- Jan 30, 2008
New pay hike for MPs
By ALPHONCE SHIUNDU
Thursday, January 7 2010 at 20:00
The salaries of Members of Parliament are to be increased from Sh851,000 a month to Sh896,000 a month, a tribunal appointed by the House has recommended.
In addition, MPs pay will be increased by five per cent every year to cushion them against a rise in the cost of living and their allowances for sitting in parliament have been doubled.
And Prime Minister Raila Odinga is to earn Sh1.67 million every month, some Sh350,000 more than Vice-President Kalonzo Musyoka the tribunal says, settling a vexing quarrel over who is President Kibakis second-in-command.
But MPs will pay more tax, after their taxed basic salary was increased from Sh200,000 to Sh350,000. The bulk of their income made up of allowances will however not be taxed and, according to the tribunal, cannot be taxed until the law is changed.
The tribunal, chaired by retired Appellate Judge Akilano Akiwumi, agonised over awarding a pay rise for MPs in the face of public hostility and an economy in recession. Indeed, the the tribunal gives eloquent reasons why a salary increase at this time is not wise.
The increase has been achieved by removing one of the MPs three car allowances, adding part of it to the basic pay and spreading the rest to other allowances.
All other allowances have been increased, some such as sitting allowance, more than twice.
The tribunal appears to have been of a divided mind, on the one hand it dwells at length on the reasons for not giving a salary increase, but at the same time felt MPs do an important job and should be paid well.
Its report, as a result, is complicated and it will take many days for its full import to be understood.
But when everything is boiled down, MPs have been given a pay rise even though it will not appear in their payslips. This will come from the allowance members are paid to attend Parliament and its committees.

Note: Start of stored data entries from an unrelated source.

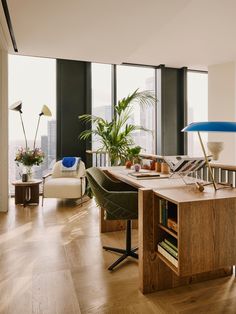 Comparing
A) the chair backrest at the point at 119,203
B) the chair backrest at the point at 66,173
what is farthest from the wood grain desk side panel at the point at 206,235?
the chair backrest at the point at 66,173

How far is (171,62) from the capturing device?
5.67 metres

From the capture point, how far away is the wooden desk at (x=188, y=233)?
175 centimetres

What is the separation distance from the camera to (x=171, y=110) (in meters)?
6.14

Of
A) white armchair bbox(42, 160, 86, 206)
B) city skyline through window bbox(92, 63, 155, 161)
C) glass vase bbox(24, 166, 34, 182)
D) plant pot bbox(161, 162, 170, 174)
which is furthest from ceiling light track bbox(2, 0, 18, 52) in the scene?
plant pot bbox(161, 162, 170, 174)

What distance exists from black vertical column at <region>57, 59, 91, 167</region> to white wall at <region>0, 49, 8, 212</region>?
4.21 feet

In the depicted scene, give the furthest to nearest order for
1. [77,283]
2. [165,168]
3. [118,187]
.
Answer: [118,187]
[165,168]
[77,283]

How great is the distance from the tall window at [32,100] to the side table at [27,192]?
0.58 m

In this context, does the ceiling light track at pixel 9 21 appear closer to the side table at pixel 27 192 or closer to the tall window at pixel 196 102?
the side table at pixel 27 192

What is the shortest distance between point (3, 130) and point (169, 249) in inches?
133

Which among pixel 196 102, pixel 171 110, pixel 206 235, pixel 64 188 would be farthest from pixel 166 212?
pixel 196 102

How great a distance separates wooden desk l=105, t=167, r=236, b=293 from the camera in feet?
Answer: 5.74

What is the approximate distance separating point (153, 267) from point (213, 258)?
50 centimetres

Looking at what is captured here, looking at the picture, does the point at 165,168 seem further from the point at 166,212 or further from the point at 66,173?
the point at 66,173

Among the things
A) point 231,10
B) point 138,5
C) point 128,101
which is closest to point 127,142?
point 128,101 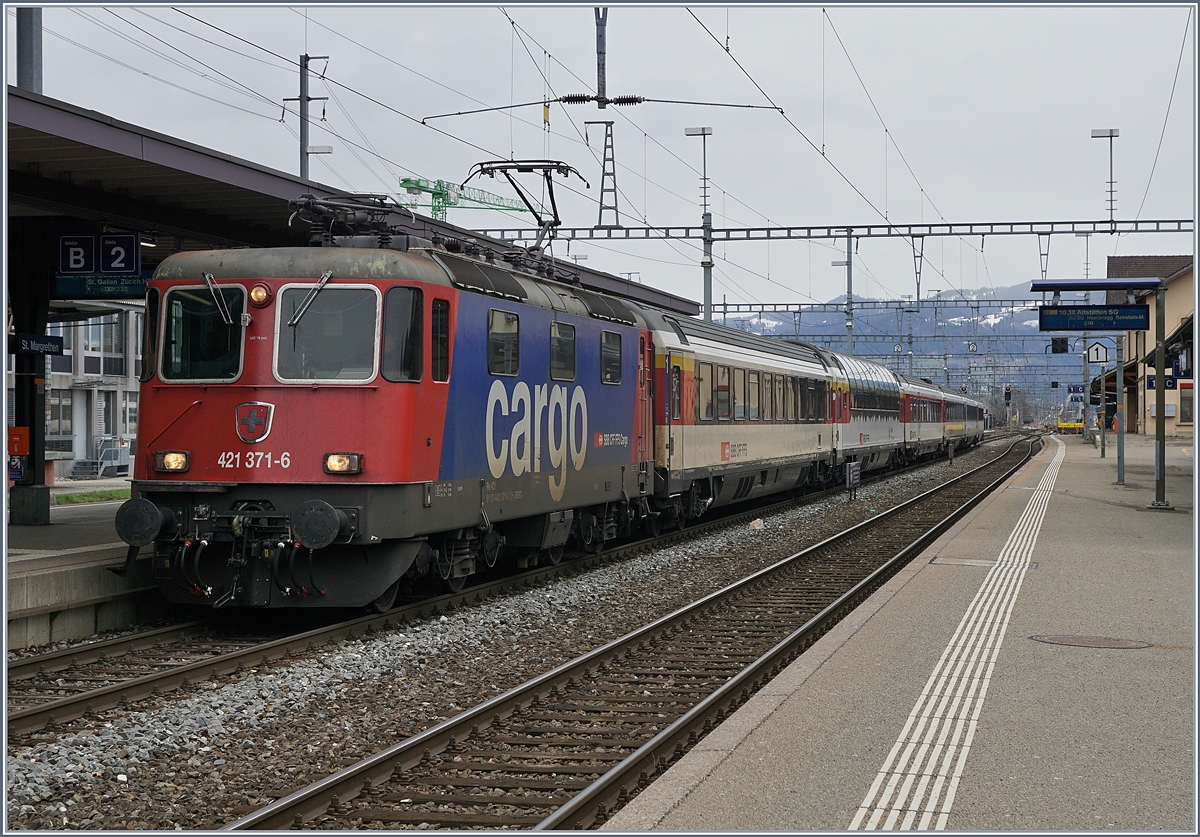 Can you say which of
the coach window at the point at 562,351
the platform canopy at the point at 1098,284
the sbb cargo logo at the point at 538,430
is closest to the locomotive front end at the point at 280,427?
the sbb cargo logo at the point at 538,430

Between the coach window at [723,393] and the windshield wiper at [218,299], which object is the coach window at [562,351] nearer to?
the windshield wiper at [218,299]

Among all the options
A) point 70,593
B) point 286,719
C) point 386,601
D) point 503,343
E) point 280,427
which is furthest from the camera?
point 503,343

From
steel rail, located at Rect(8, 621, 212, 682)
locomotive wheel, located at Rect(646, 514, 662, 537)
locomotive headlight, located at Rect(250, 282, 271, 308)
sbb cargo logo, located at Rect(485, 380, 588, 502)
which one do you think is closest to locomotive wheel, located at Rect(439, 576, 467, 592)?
sbb cargo logo, located at Rect(485, 380, 588, 502)

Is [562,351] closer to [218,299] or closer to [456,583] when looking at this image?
[456,583]

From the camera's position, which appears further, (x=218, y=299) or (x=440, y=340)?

According to the tribunals estimates, a hardworking MP who attends all sessions and some committee meetings will make Sh375,000, over and above his salary of Sh896,000, theoretically bringing the total pay for such an MP to Sh1,271,000 a month.
The tribunal concludes that the increase of the car allowance in 2005 from Sh336,000 to Sh366,000 a month was illegal because the law was not followed in awarding it
At the time, MPs threatened the Clerk of the National Assembly that unless he obtained permission from Treasury for the increase, they would not vote for the Supplementary Budget then before the House. Treasury officials tricked MPs into believing that the increment had been approved while in actual fact it had not.
The tribunal concludes that there are too many allowances paid for the maintenance of just one car but does not take any of them away. Instead, it makes proposals which will allow MPs a little more tax and still be left a little better off.
The tribunals report was handed over to Speaker Kenneth Marende on November 15 last year but has not yet been made public.